Im Gespräch mit Bettina Hering, Schauspieldirektorin der Salzburger Festspiele und Dramaturgin bei „Literatur im Nebel“, monologisierte Müller zunächst ungebremst über die Ordnungssysteme von Wörtern und Bildern in ihren Schubladen, über Zufall, Reim, Obszönität, Humor und Metaphorik. Die Frage, ob die erlittene permanente Verfolgung während des kommunistischen Systems nicht Aggression gegen die Peiniger in ihr hervorgerufen habe, bejahte Müller, aber: „Was hätte man tun sollen? Ich möchte nicht wegen so einem dummen Schwein im Gefängnis sitzen. Manchmal habe ich mir gedacht: Ach, eines Tages stirbt der auch!“

Vom „Heimatgefühl der Verelendung“

Ihr Verhältnis zum heutigen Rumänien ist zwiespältig: Keine Minute will Müller dort noch leben, obwohl sie das Land in unregelmäßigen Abständen besucht und ihr die dort verbliebenen Freunde leidtun. Auch empfindet sie nach wie vor die „Verhässlichung“ rumänischer Städte, die in den Jahrzehnten der Diktatur „Programm“ gewesen sei, um eine Art „Heimatgefühl der Verelendung in den kommunistischen Staaten hervorzurufen“.

Mit der manchmal von Schriftstellerkollegen geäußerten Floskel von „Sprache als Heimat“ kann Müller wenig anfangen: „Das stimmt nicht. Es ist nicht genug“, meint sie. Überhaupt sei es vielleicht besser, sich nicht so oft zu fragen, wer man denn eigentlich sei: „Wenn man alles analysiert, fällt es auseinander.“ Was sie selbst lese?
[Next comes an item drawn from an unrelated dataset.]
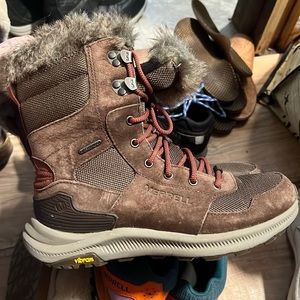 Merrell Ontario Winter boot perfect condition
Jedenfalls keine Kriminalliteratur: „Ich habe in meinem Leben noch keinen Krimi gelesen. Ich hatte Freunde, die umgebracht wurden. Ich hab’ genug Krimi gehabt in meinem Leben!“

Auf Herings Frage nach gegenwärtigen Bezügen in ihrem Werk ging Müller nur vage ein. Es werde eben immer in der Welt so schlimm zugehen, dass Menschen ihr Land verlassen müssten, aus unterschiedlichen Gründen. Aktuelle Phänomene der Überwachung, Datenklau und Spionagepraktiken im Internetzeitalter kamen genauso wenig zur Sprache wie der Eklat um Müllers Äußerungen bei der vorjährigen Buchmesse in Belgrad. Und so blieb es denn im nebelfreien zwölften Jahr von „Literatur im Nebel“ bei einer ziemlich retrospektiven Würdigung für die im rumänischen Banat aufgewachsene, seit 1987 in Deutschland lebende Schriftstellerin.